Needed from the data below: every line from the one with "Seattle Seahawks '47" up to and including the one with "The Absence of", repeated exactly and with nothing else.

┌──

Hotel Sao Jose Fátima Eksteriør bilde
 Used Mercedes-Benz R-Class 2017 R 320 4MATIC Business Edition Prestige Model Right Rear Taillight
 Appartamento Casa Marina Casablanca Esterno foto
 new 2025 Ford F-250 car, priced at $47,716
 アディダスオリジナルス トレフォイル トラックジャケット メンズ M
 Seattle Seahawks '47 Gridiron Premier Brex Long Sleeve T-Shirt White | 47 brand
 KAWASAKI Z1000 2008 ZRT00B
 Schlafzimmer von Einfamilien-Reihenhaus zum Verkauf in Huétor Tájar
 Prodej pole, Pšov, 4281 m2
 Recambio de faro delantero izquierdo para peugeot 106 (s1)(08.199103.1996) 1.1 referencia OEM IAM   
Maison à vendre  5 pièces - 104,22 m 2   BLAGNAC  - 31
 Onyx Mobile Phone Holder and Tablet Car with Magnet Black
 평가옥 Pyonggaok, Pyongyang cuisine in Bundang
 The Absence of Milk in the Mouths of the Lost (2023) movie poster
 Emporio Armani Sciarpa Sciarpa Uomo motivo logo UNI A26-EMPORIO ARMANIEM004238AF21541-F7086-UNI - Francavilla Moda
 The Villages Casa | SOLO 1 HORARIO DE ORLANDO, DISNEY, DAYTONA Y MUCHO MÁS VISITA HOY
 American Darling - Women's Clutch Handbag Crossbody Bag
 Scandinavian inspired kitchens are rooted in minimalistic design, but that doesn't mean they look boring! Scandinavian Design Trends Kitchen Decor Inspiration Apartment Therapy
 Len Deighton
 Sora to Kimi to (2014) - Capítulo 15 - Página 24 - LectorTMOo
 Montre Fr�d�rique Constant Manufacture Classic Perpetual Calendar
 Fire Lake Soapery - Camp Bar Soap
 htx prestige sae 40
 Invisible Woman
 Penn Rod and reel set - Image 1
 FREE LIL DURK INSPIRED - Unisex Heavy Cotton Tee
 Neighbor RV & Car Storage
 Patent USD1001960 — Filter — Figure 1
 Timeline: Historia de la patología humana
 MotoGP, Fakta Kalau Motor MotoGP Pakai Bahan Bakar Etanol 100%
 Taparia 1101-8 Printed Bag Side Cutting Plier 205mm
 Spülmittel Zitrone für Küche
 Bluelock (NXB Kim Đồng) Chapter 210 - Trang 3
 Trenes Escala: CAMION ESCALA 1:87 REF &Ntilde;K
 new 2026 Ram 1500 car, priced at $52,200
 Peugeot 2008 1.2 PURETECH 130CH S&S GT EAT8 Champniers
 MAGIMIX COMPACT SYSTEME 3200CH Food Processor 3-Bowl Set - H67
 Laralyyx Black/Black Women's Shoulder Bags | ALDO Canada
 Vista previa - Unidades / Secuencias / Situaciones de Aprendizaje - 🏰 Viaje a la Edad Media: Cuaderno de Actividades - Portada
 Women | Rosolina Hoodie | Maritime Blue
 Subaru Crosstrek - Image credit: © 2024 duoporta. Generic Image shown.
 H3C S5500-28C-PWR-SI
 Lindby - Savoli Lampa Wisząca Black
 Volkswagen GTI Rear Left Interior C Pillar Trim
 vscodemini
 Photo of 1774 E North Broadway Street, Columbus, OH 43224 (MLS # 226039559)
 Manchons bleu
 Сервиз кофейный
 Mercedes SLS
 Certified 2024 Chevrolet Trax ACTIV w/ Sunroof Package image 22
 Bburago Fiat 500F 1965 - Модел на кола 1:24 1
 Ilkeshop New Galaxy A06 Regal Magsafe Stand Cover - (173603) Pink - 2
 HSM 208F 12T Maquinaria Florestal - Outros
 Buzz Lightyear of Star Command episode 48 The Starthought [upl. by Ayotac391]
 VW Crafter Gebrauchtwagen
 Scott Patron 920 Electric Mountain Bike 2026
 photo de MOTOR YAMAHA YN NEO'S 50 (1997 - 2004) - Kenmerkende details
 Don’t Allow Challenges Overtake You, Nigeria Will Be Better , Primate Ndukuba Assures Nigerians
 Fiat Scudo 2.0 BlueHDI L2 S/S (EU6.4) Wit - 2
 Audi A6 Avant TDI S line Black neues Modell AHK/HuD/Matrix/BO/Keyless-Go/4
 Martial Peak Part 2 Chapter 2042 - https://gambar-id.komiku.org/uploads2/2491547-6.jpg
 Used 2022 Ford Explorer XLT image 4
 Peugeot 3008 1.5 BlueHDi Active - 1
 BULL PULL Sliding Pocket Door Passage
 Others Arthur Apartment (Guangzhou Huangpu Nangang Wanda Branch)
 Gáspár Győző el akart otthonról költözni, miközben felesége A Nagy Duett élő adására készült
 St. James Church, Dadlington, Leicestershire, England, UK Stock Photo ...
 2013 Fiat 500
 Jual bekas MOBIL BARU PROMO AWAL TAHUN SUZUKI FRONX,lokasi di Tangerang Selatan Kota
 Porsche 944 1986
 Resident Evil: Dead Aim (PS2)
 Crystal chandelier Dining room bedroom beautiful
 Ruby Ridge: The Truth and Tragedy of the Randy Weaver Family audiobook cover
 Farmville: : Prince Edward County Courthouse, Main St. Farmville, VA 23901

└──

• [Answer space]:
 Seattle Seahawks '47 Gridiron Premier Brex Long Sleeve T-Shirt White | 47 brand
 KAWASAKI Z1000 2008 ZRT00B
 Schlafzimmer von Einfamilien-Reihenhaus zum Verkauf in Huétor Tájar
 Prodej pole, Pšov, 4281 m2
 Recambio de faro delantero izquierdo para peugeot 106 (s1)(08.199103.1996) 1.1 referencia OEM IAM   
Maison à vendre  5 pièces - 104,22 m 2   BLAGNAC  - 31
 Onyx Mobile Phone Holder and Tablet Car with Magnet Black
 평가옥 Pyonggaok, Pyongyang cuisine in Bundang
 The Absence of Milk in the Mouths of the Lost (2023) movie poster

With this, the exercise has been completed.